Important metrics for CloudWatch - AWS Lambda

Important metrics for CloudWatch

Lambda reports some metrics directly to the CloudWatch service and these do not appear in the logs. With CloudWatch, you can create alarms that monitor metrics and provide notifications if metrics exceed typical values. You can also create composite alarms that combine multiple alarms and provide more useful notifications. You can create alarms either manually in the console or in an AWS SAM template, so the alarm is defined together with the resources of your application.

There are a number of important integrated Lambda metrics that you can monitor to understand the performance of your workload:

  • Invocations: Monitor this value as a general barometer for the amount of traffic flowing through your serverless application. Also, monitor for functions with zero invocations over a given period of time, since this can indicate that there are upstream problems in the application. It can also indicate that a function is no longer being used.

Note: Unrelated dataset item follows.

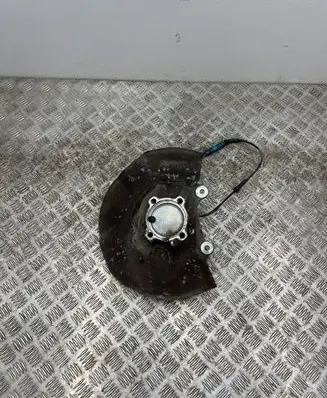 Front wheel hub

  • Duration: This is the amount of time taken for a Lambda invocation. Apart from the impact on cost, it’s also important to monitor any functions that are running close to their timeout value.

  • Errors: This logs the number of errors thrown by a function. It can be used with the Invocations metric to calculate the total percentage of errors.

  • Throttles: Set alarms on this metric for any non-zero value since this only occurs if the number of invocations exceeds concurrency in your account. You can set Reserved Concurrency on critical functions, as discussed in Application design, and also request Service Quota increases, if needed.

  • DeadLetterErrors: An error is triggered if Lambda cannot write to the designated dead-letter queue, so you should alarm on any non-zero values for this metric.

  • IteratorAge: For Lambda functions that poll streaming sources, such as Kinesis or DynamoDB streams, this value indicates when events are being produced faster than they are being consumed by Lambda. IteratorAge is the difference between the current time and when the last record of the GetRecords call was written to the stream.

  • ConcurrentExecutions: monitor this value to ensure that your functions are not running close to the total concurrency limit for your AWS account. You can request a Service Quota increase, if needed.

  • UnreservedConcurrentExecutions: similar to the previous metric but excludes functions using reserved concurrency.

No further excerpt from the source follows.